> [ASSIGNED TASK] Exclude the images and transcribe the entries below precisely.

※

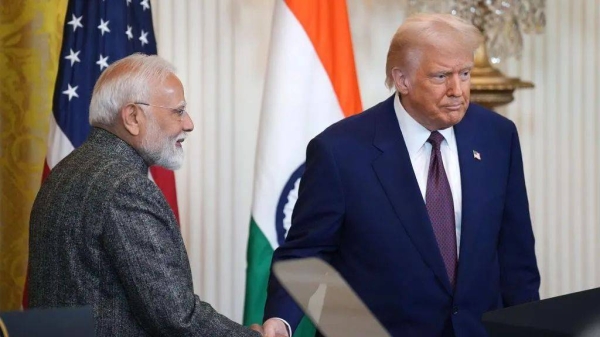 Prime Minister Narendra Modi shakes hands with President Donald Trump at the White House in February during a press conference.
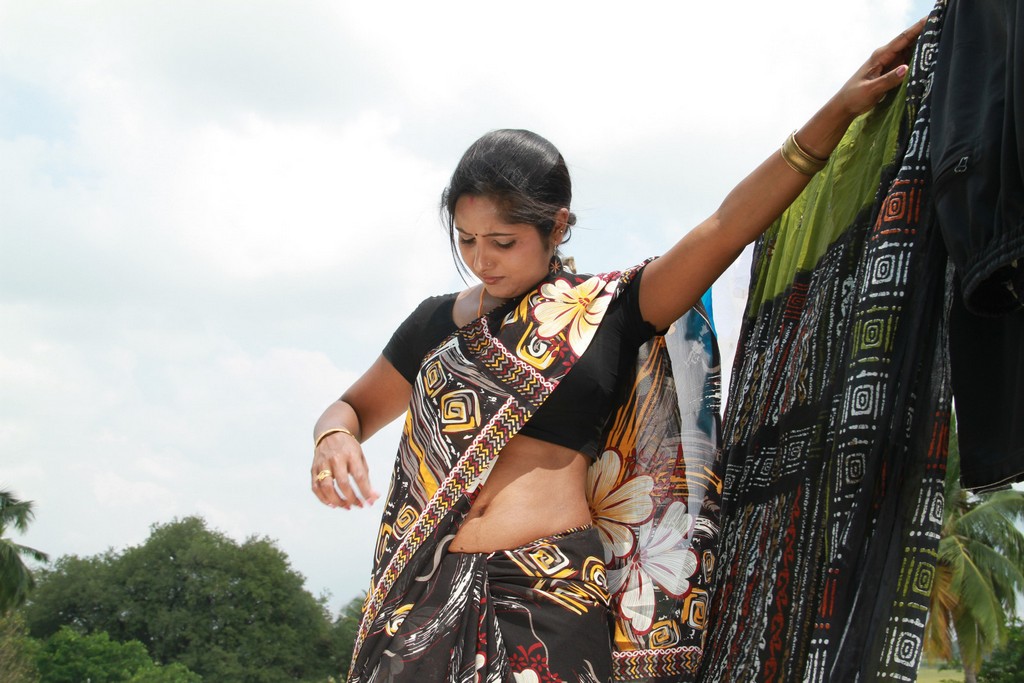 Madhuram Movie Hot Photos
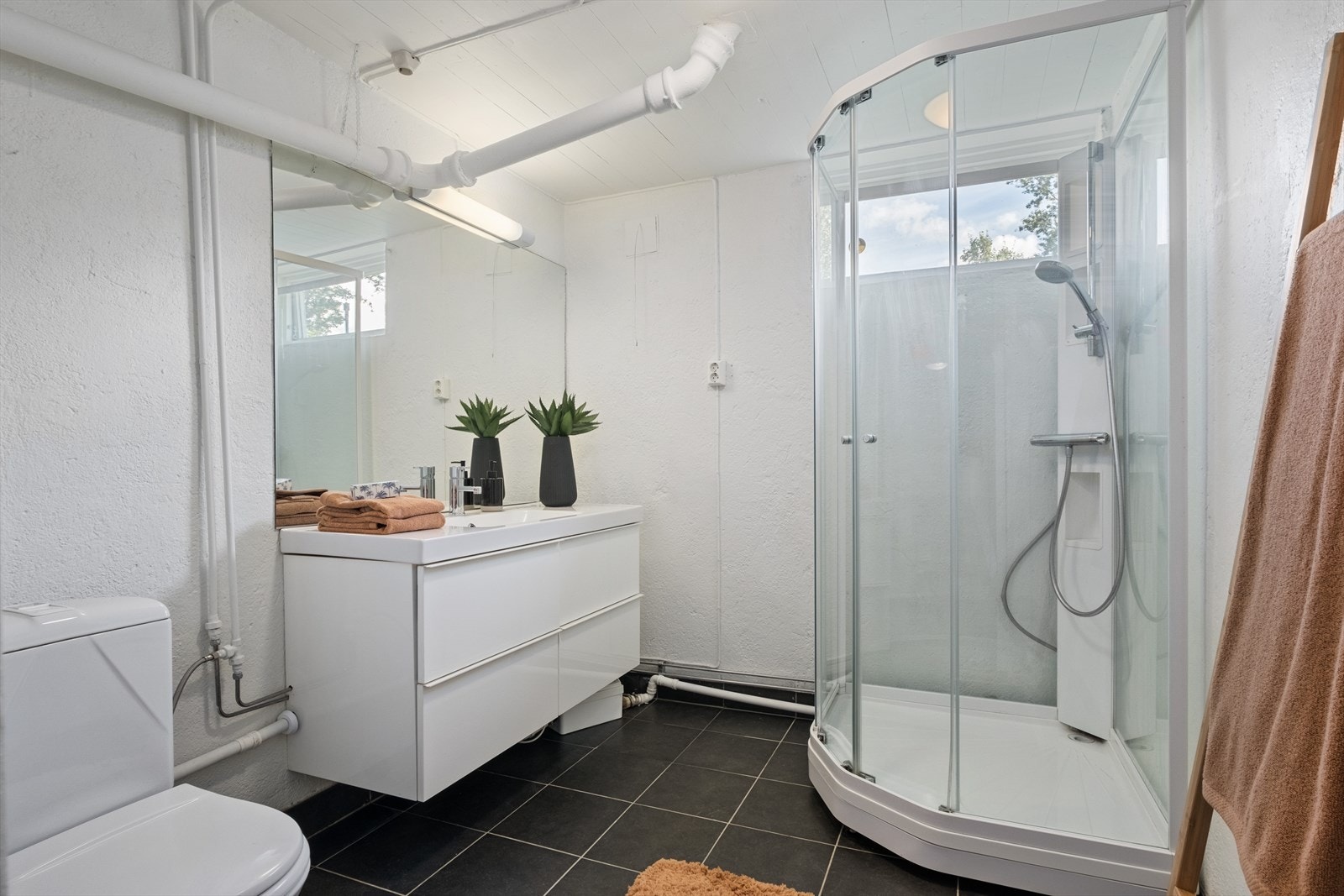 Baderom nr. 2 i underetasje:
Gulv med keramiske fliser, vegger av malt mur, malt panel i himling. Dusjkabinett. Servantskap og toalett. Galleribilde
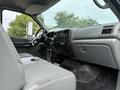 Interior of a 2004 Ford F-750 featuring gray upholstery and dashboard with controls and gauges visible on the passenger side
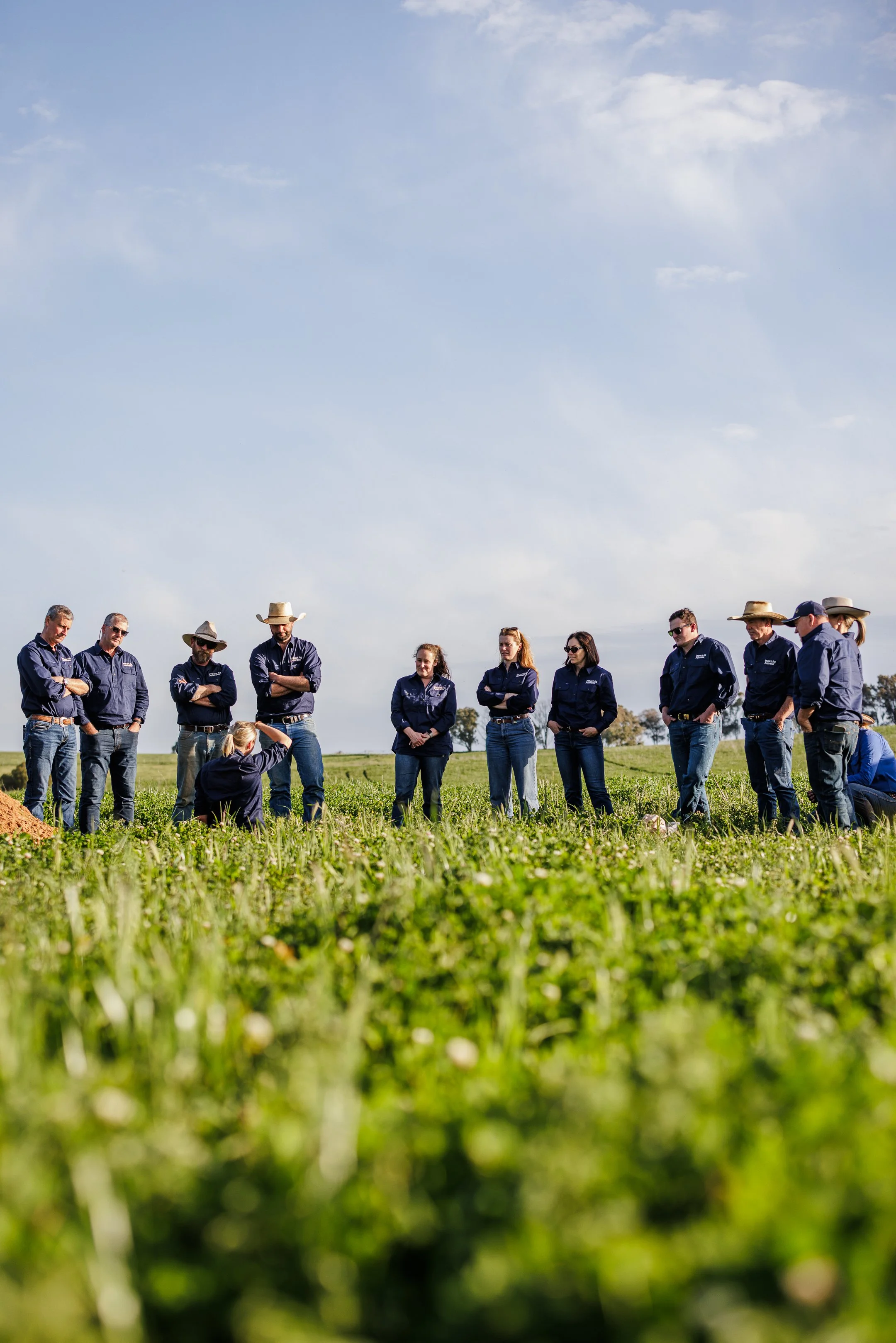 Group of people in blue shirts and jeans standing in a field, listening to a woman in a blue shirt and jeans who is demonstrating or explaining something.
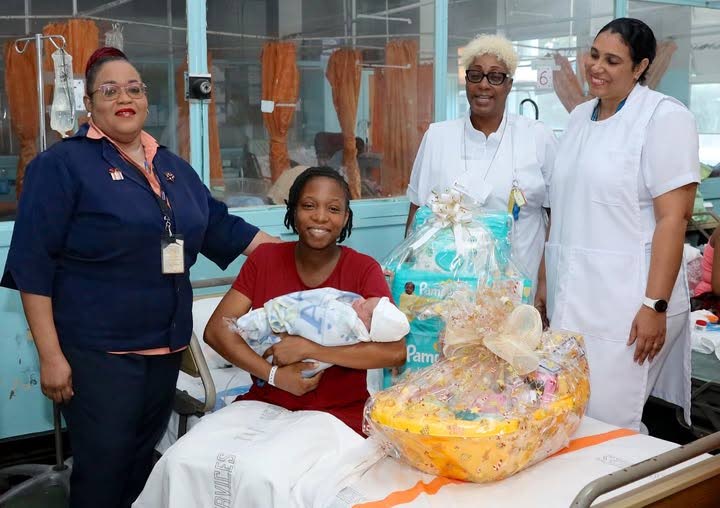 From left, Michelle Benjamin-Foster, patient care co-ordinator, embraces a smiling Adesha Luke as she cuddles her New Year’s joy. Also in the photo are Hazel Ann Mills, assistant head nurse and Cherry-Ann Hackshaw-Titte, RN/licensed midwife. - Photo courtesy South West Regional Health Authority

※

> [WORKED SOLUTION]
 Prime Minister Narendra Modi shakes hands with President Donald Trump at the White House in February during a press conference.
 Madhuram Movie Hot Photos
 Baderom nr. 2 i underetasje:
Gulv med keramiske fliser, vegger av malt mur, malt panel i himling. Dusjkabinett. Servantskap og toalett. Galleribilde
 Interior of a 2004 Ford F-750 featuring gray upholstery and dashboard with controls and gauges visible on the passenger side
 Group of people in blue shirts and jeans standing in a field, listening to a woman in a blue shirt and jeans who is demonstrating or explaining something.
 From left, Michelle Benjamin-Foster, patient care co-ordinator, embraces a smiling Adesha Luke as she cuddles her New Year’s joy. Also in the photo are Hazel Ann Mills, assistant head nurse and Cherry-Ann Hackshaw-Titte, RN/licensed midwife. - Photo courtesy South West Regional Health Authority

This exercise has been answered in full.